Thread: [GENERAL] Foreign Keys Help Delete!

[GENERAL] Foreign Keys Help Delete!

From
Timothy Covell
Date:
DB: Postgresql 7.0.2
OS: Solaris 2.6

Schema:
    hosts table with fqhn column
    routes table with fqhn foreign key hosts(fqhn)

Problem:

1. When I try to change fqhn in hosts, it complains that
I have now violated entry in "routes" table.

2. When I try to update "routes" table, it updates.
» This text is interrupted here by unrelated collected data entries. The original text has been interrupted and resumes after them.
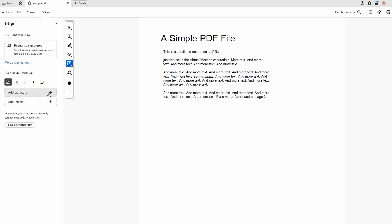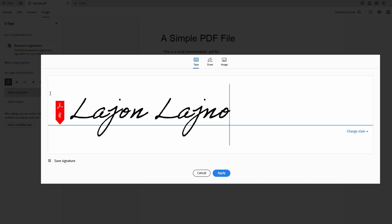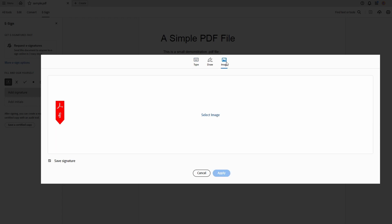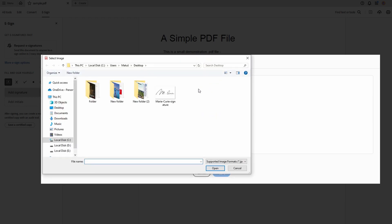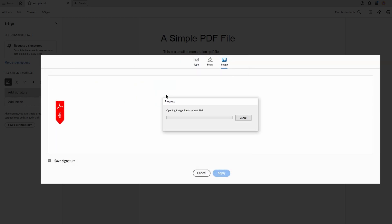Click on Add Signature. Choose the option to add signature from an image. Click on Image and select the scanned signature file from your computer.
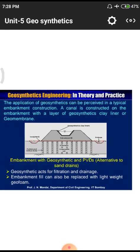Geosynthetics act as filtration and drainage — filtration is the mechanism of dividing coarser particles from water, and geosynthetic material acts as a filter for drainage purposes. Embankment fill can also be replaced with lightweight geofoam, which is a material having huge volume with less weight. Due to this high volume and low weight philosophy, the total structural load acting on the foundation decreases, saving quantities of material.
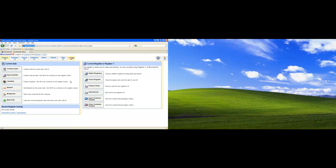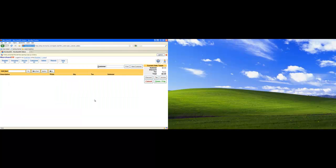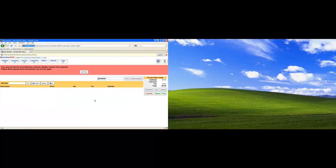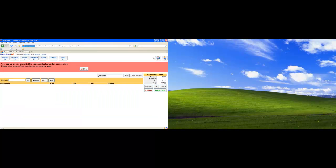The first thing we'll do is click Register Open Customer Display. You'll have to allow pop-ups from MerchantOS.com if you haven't done so already.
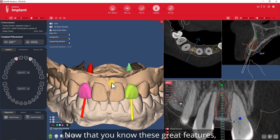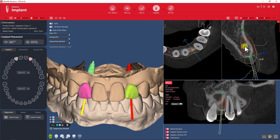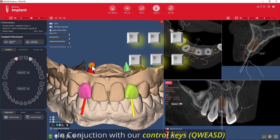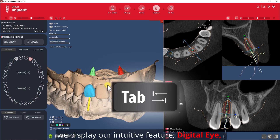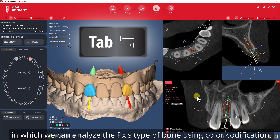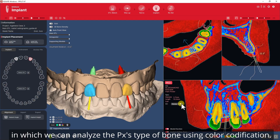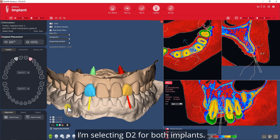Now that you know these great features, let's customize the bilateral implant angulations in conjunction with our control keys. By pressing the Tab key we display our intuitive feature Digital Eye, in which we can analyze the patient's type of bone using color clarification. Let's assign the bone density — I'm selecting D2 for both implants.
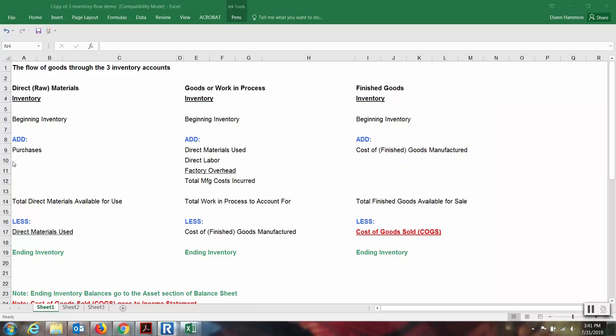There is something added to all three of the accounts. For your raw materials or direct materials, this would be purchases — purchases of additional materials. For the goods or work in process, this is going to be direct materials transitioned over from the direct materials account and being used in the process. The goods or work in process inventory is where all the activity is going on — materials being requisitioned, direct labor, and factory overhead, which is an allocation of overhead items to the product. What we add to finished goods is the cost of goods manufactured — this is very different from the cost of goods sold.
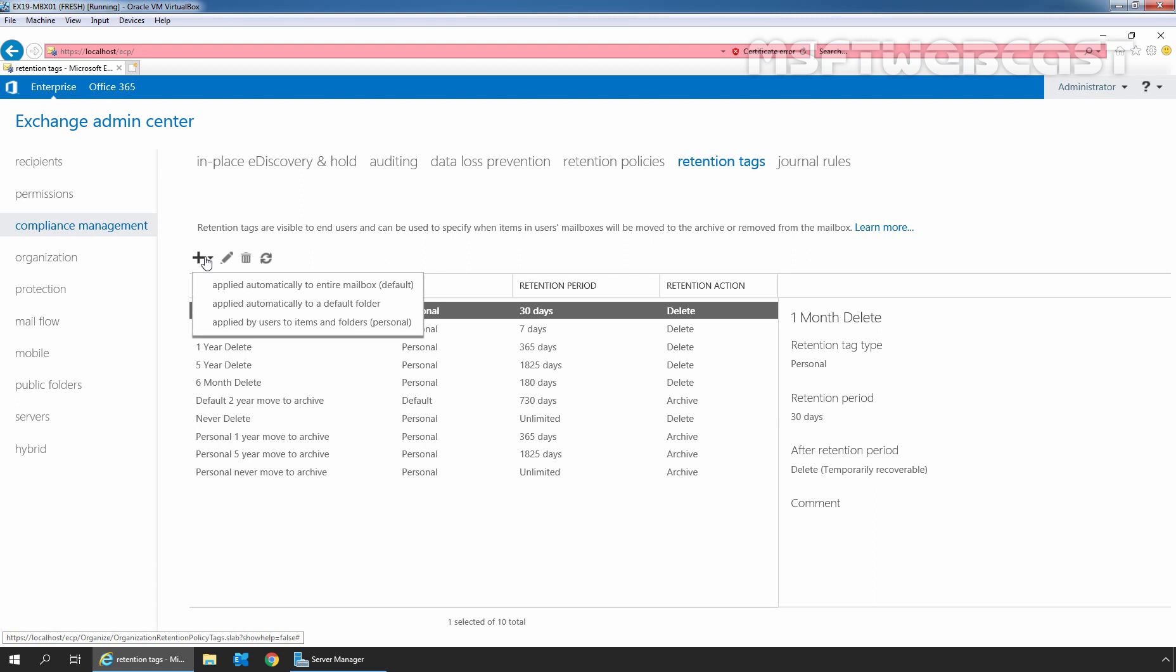The second one is applied automatically to a folder, also known as a retention policy tag. These retention tags apply retention settings to default folders such as Inbox, Deleted Items, or Sent Items.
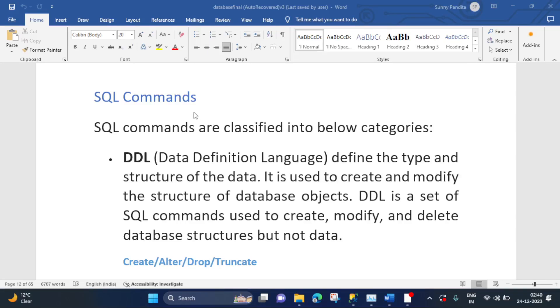Hi everyone, this is Sunny from Database Tech. So today I have come up with one more new session on SQL Server Database. In today's session, I will explain what are SQL commands.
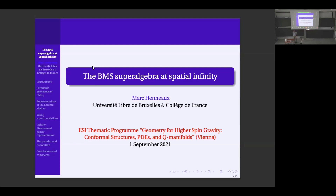This will be more like a research seminar, but it is in the line of the previous lecture. I will talk about the BMS super algebra at spatial infinity. I will analyze simple supergravity in four dimensions at spatial infinity.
3. Go back to "hosts" table and now try to rename/delete
old fqhn and it complains about object missing with OID=xxxxx.


Questions:

1. What's the proper way to delete foreign keys?
(I can dump the DB, edit it, and restore it, but that is
not effecient!!)

2. How can I avoid problems such as above, besides not
using foreign keys?

3. Are foreign keys broken in pg7.0.2???

TIA
tim
dirac@applink.net


Re: [GENERAL] Foreign Keys Help Delete!

From
Josh Berkus
Date:
Mr. Covell,

> 2. When I try to update "routes" table, it updates.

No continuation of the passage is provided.